A large international study led by University of Melbourne researchers has identified a mutation linked to breast cancer attached to the newly identified gene, called XRCC2. Lead researcher Melissa Southey said the discovery, using high-speed technology, would hopefully mean that more gene mutations responsible for causing breast cancer could be rapidly identified in the next few years.

Initially, the XRCC2 mutation was found in two families by Prof Southey and a colleague based in The Netherlands. The discovery formed the basis for a much larger study to determine whether the mutation was more widely responsible for breast cancer, which proved correct. The DNA of 689 families with multiple members affected by breast cancer, and 1308 women who had early onset breast cancer, was then analyzed, as well as 1120 healthy people.

At present women with a history of breast cancer in their family can only be screened for two of the disease's known genetic mutations, Prof Southey said.

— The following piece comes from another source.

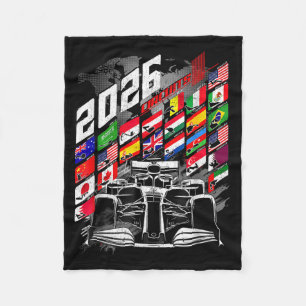 2026 Kalender Rennstreckenplan Orte  Fleecedecke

The two genes account for about 20 per cent of breast cancer cases, she said, with the remaining 80 per cent not linked to any known mutations, she said. “At the moment, if a woman with a strong family history of breast cancer goes to clinical genetic services and undergoes testing for the genes that we know today, the most likely outcome is that she will not be found to have a mutation in any of those genes,” Prof Southey said. Prof Southey said the study, published today in the American Journal of Human Genetics, was continuing, with much more data to analyze.

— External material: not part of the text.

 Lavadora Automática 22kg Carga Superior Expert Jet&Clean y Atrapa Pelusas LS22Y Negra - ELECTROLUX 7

“We really are very optimistic that we will find additional genes like this.” Prof Southey said researchers used the latest genetic sequencing technology, called massively parallel sequencing, in the discovery. Previously DNA sequencing using a method called Sanger sequencing could take weeks or months, she explained. By using the new method scientists could analyze a person's entire DNA in a few days, Prof Southey said.

One of the study's co-authors, Melbourne University's Dr Daniel Park, said the findings showed the technology could be used to discover other cancer-causing genes. “Our study approach could be applied to many other common, complex diseases with components of unexplained heritability, such as colorectal and prostate cancers,” he said.

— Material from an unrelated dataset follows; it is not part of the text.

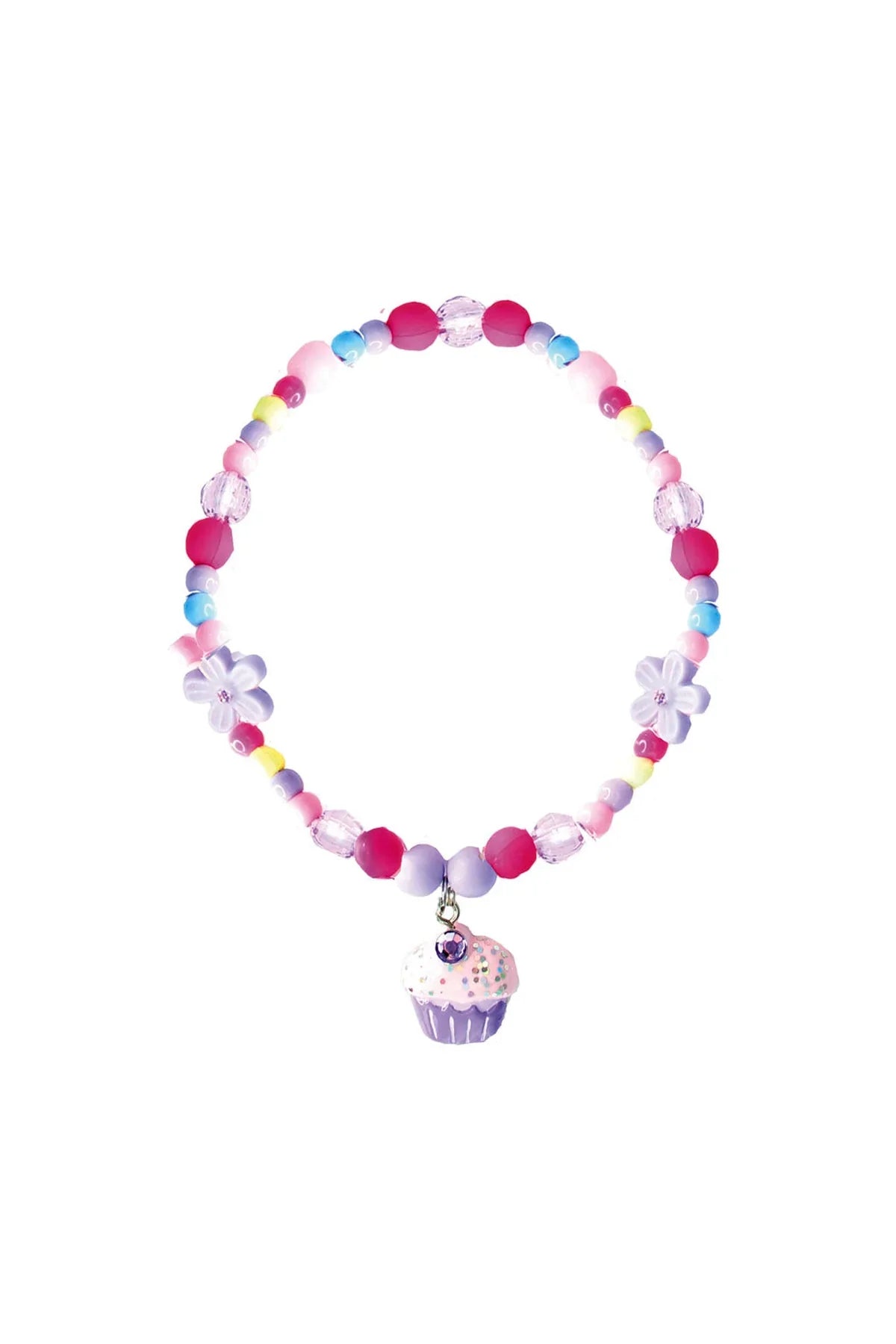 Cutie Cupcake Bracelet-Purple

“We believe further risk genes will be identified at a faster rate than before and potentially for other cancers such as colorectal and prostate cancers.”  Southey said the discovery of new genetic links would lead to more targeted treatments. “People whose breast cancer is associated with XRCC2 mutations could also benefit from specific treatments that target the genetic fault,” Prof Southey said.

Sean Tavtigian, one of the researchers, a Huntsman Cancer Institute (HCI) investigator and associate professor in the Department of Oncological Sciences at the University of Utah said, ““We have added to the list of genes that harbor mutations causing breast cancer… This knowledge will improve breast cancer diagnostics and add years to patients' lives. More important, relatives who have not been affected by the disease but carry the mutations will benefit even more. They can find out they are at risk before they have cancer and take action to reduce their risk or catch the cancer early.” Further research is underway. “A worldwide effort has already been launched to figure out what fraction of breast cancer is due to mutations in this gene and how high the risk conferred by these mutations actually is,” Tavtigian said.

XRCC2 may also provide a new target for chemotherapy. “A type of drug called a PARP inhibitor appears to kill tumor cells that have gene mutations in a particular DNA repair pathway. XRCC2 is in this pathway, as are BRCA1 and BRCA2. It's reasonably likely that a breast cancer patient who has a mutation in XRCC2 will respond well to treatment with PARP inhibitors,” said Tavtigian.

The University of Utah was the main collaborator on the research, which also involved other research institutes in Australia and France. Cancer Council SA chief executive Professor Brenda Wilson said the discovery had the potential to save lives by detecting risk earlier.